Ancak Nisa Suresi 130. Ayette boşanma ile ilgili bir hüküm var. Peygamberimiz (sav)de boşanmanın caiz olduğuna işaret ettiği hadisinde şöyle buyuruyor: "Allah nezdinde en sevimsiz mübah talak/boşamadır."
Boşanmanın bir zaruret olarak ortaya çıkması durumunda bunun caiz olduğunu biliyoruz. Bunun sebeplerini, çeşitlerini, boşama yetkisinin kimlerde olabileceği gibi huşuları arzu edenler fıkıh kitaplarında bulabilirler. Son zamanlarda boşanmalar, aşırı derecede arttı. Evliliklerin şehevi duygularla gerçekleştiği bir ortamda boşanmalar da doğal karşılanır oldu.
Ancak ayrılıkların aile yuvalarına ruhi yıkımın yanı sıra maddi yıkım getirdiği de bir gerçek. Alman hukukçusu Kohler: "Geçinmelerine imkan olmayan karı koca arasındaki evlilik, sadece azap ve işkence kaynağı olmakla kalmaz, ruhi tekamüle de mani teşkil edebilir ve büyük istidatları bir hiç düzeyine indirebilir." Böyle bir evliliğe mümkün mertebe çabuk nihayet vermek, hem sosyal hem de kültürel bir ihtiyaç teşkil eder.
Bir zaruret olarak boşanma olgusu ortaya çıktığı zaman Katolik kilisesine göre buna yasal imkan yoktur. Boşanmayı mümkün olduğu kadar zorlaştırmak, imkansız hale getirmek gibi prensipler Katolik hukukuna dayanmaktadır. Bizim Medeni Kanunumuz da Katolik hukukunun temel ilkelerine dayalı olan İsviçre kanunundan tercüme edilmiştir.
Kanunlarımızdaki boşanmayı zorlaştırıcı hükümler ve boşansalar bile erkeği ezen ve ömür boyu maddi tazminat ve nakafa ödemeye mahkum eden maddeler, Türk İslam toplumunun yapısıyla uyuşmuyor. Önce ayrılığı reddeden hükümler, 3-5 yıl ayrı kalan eşler için boşanma sebebi sayılarak değiştirildi.
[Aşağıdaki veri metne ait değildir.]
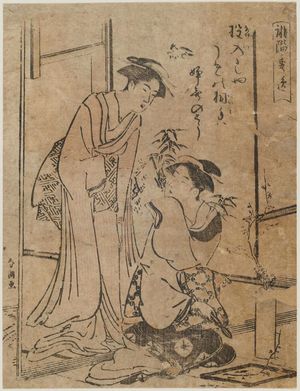 Katsushika Hokusai: Woman arranging flowers in vase, from the series Haikai Shuitsu (Masterpieces of Popular Poetry) - Museum of Fine Arts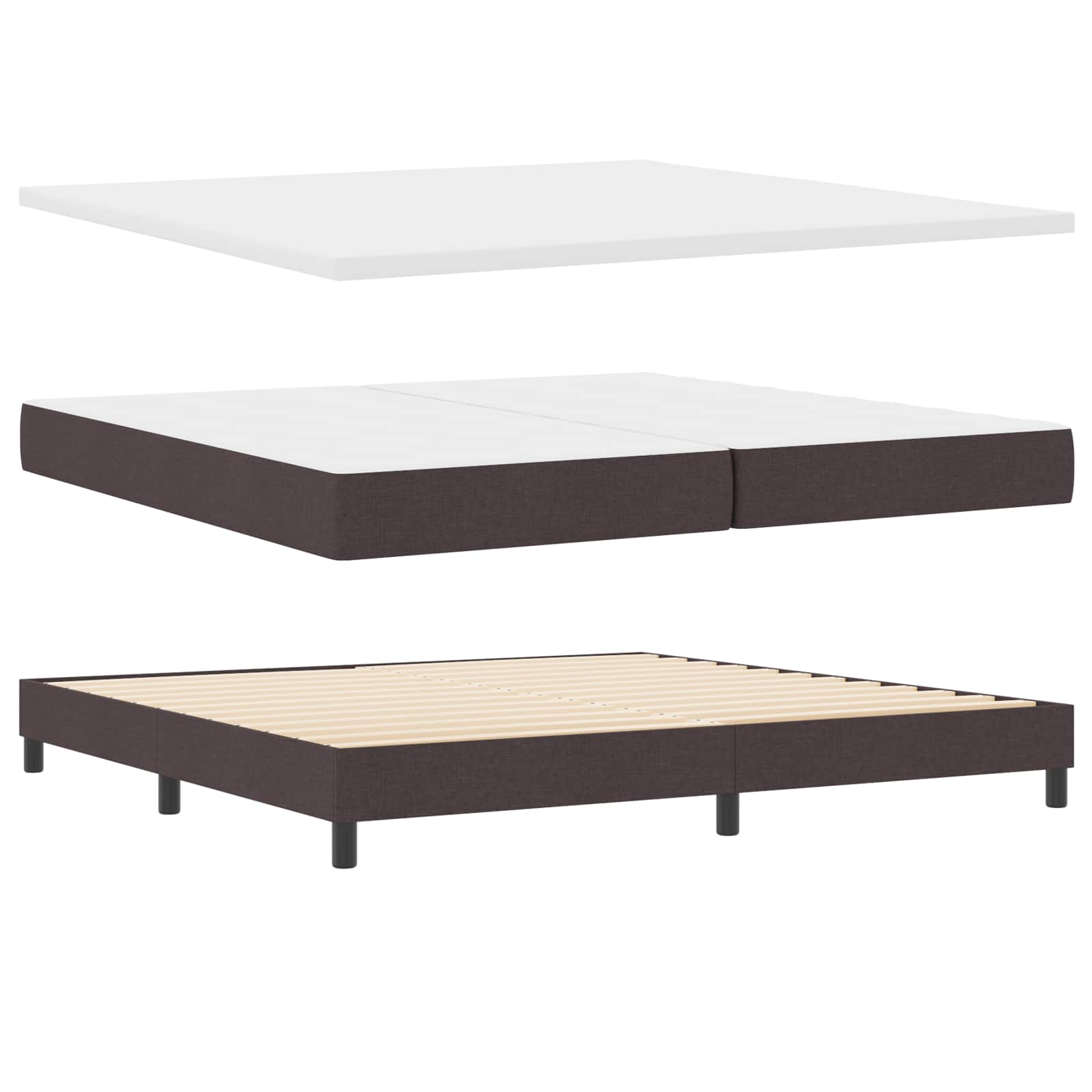 Boxspring bed met matras met LED Donkerbruin 200 x 200 cm Stof – afbeelding 6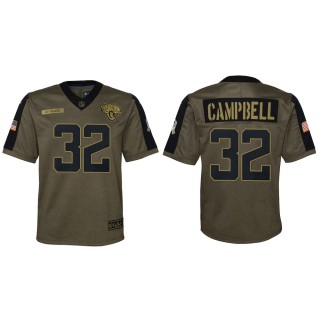 2021 Salute To Service Youth Jaguars Tyson Campbell Olive Game Jersey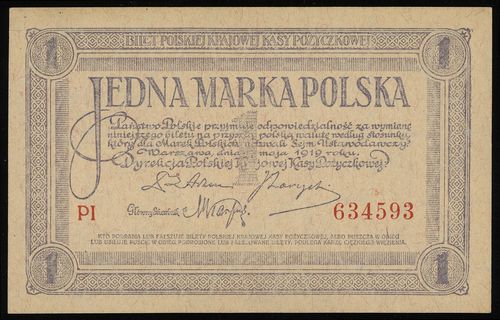 1 marka polska 17.05.1919, seria PI, numeracja 634593, Lucow 324 (R1), Miłczak 19a, pięknie zachowana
Üç-beş ay evli kalan bir erkeğin ömür boyu nafaka ödemesi gibi akıl ve mantığa bile ters olan hükümler hala yürürlüktedir.
Geçenlerde seksenlik emekli bir TR şoförünü izledim. Beş ay evli kaldığım eski eşime 60 yıldır nafaka ödüyorum diyor. Bu, Müslümana Katolik zulmünden başka nedir?
Ayrıca bu yasal olsa bile helal midir? Adalet sistemimizde evlilik ve ayrılık konusunda pozitif ayrımcılık adı altında kadını aşırı koruyan ve erkeği ezen uygulamalara artık son vermek gerekmez mi? Günümüzdeki boşanmalarda erkeğin bu denli mağduriyetinin toplumda yozlaşmaya yol açtığı da unutulmamalıdır.
Avrupa'da olduğu gibi evlenmek yerine birlikte yaşamayı tercih eden gençlerin ahlak dışı bu yaşayışlarının temelinde boşanmayı erkek aleyhine yıkıma çevirmesinin yattığı inkar edilemez.
Modern hayatta zaten ana-baba ve çocuklardan oluşan bir aile yapısı hakim. Onlara karışan kimsede olmamasına rağmen evliliği zevk olarak gören zihniyetin yaygınlaşmasıyla boşanmaların da arttığı gözlenmektedir. Boşanmayı kolaylaştırmayı değil de belli kurallara bağlamayı biz de kabul ederiz. Ancak bir tarafı mahvedecek şekilde uygulanmasını da asla tasvip edemeyiz. Bunun da mutlaka makul bir çözümü olmalı.